Children's fiction employs this trope so often that it fits a formula. A wise character tries to convince the protagonist that something wonderful will happen if only he or she will earnestly believe an improbability. Consider, for instance, how Yoda tells Luke to cast aside all doubt if he wants to levitate his x-wing from the swamps of Dagobah. "Do, or do not. There is no try," Yoda explains. Following the usual script, Luke resists, courting disaster, before he finally embraces faith and wins its rewards.
But I'd like to put in a good word for one of my favorite childhood television characters, who for close to four decades has served as an important counter-weight to this theme -- the incomparable Scooby Doo.
Once you get past the obviously fantastical notion of a talking Great Dane, what I've always felt was great about Scooby's gang was that the way they inculcated in young viewers a healthy dose of subversive skepticism. Week after week, through application of science and reason, the Scooby gang face down their fears and discover that, once you look closely enough, what appear to be super-natural events and ghostly apparitions inevitably reveal themselves to be the work of charlatans and hucksters with sinister motivations.
Yes, the plot was so repetitive as to almost constitute a Zen koan, but that scenario repeats itself (ad infinitum) in real life, as well. From Jeanne Dixon to Uri Gellar to James Van Pragh to John Edward and Sylvia Browne, the song remains the same.

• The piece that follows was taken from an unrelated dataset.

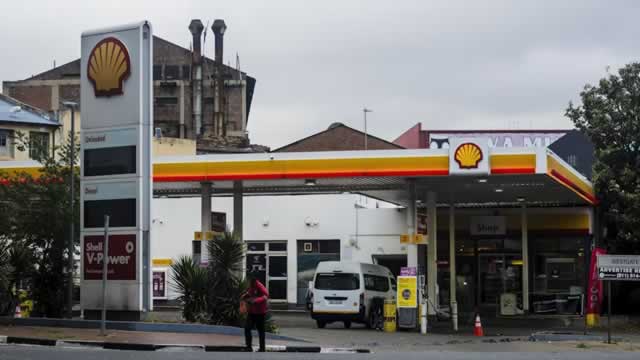 Should Value Investors Buy Shell (SHEL) Stock?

And this, in my humble opinion, is one of the many reasons why the recent and quite shitty live action movie versions so badly missed the heart and soul of the show. In both 2002's Scooby Doo and its ill-conceived sequel, the filmmakers thought it cute to pit the Mystery Machine gang "real" super-natural baddies. As if making fans suffer Freddie Prinze Jr. in any context weren't betrayal enough.
And on that, I close with a quote from that most eminent wit, Eddie Izzard, on the international significance of Shaggy and Scooby:
Shaggy and Scooby are interesting characters. They're two of the most major characters in American literature. Because, and I mean this sincerely, and I think it's fantastic, because they are cowards. They are cowardly characters - they believe in cowardice and sandwiches. And can you think of any in the whole realm of the English-speaking literature that are characters like that? Cowardly characters that you identify with. ‘Cause you identify with them, you're with them all the way! "Go Shaggy! Go Scooby!"...
...the only other character -- I mean, tell me now if you can think of any character ‘cause I'm willing to learn -- but somebody mentioned Falstaff. A Shakespearean character! It's that level of greatness! Falstaff, you sort of identify with him, but he has a melancholy with him. But Shaggy and Scooby are upbeat all the time, saying "ruh ruh ruh roo." And you love 'em! You're with 'em! There's part of us that are Shaggy and Scooby at every stage of the way.
So if you travel around the world, and, you know, ‘cause your American foreign policy does give you a difficult time to exist around the world, two tricks: one, say you're Canadian, that helps. It works in Europe, it's very good! And the second is just say, "Shaggy and Scooby." And they'll go "Raggy and Rooby!" International credit card, I think!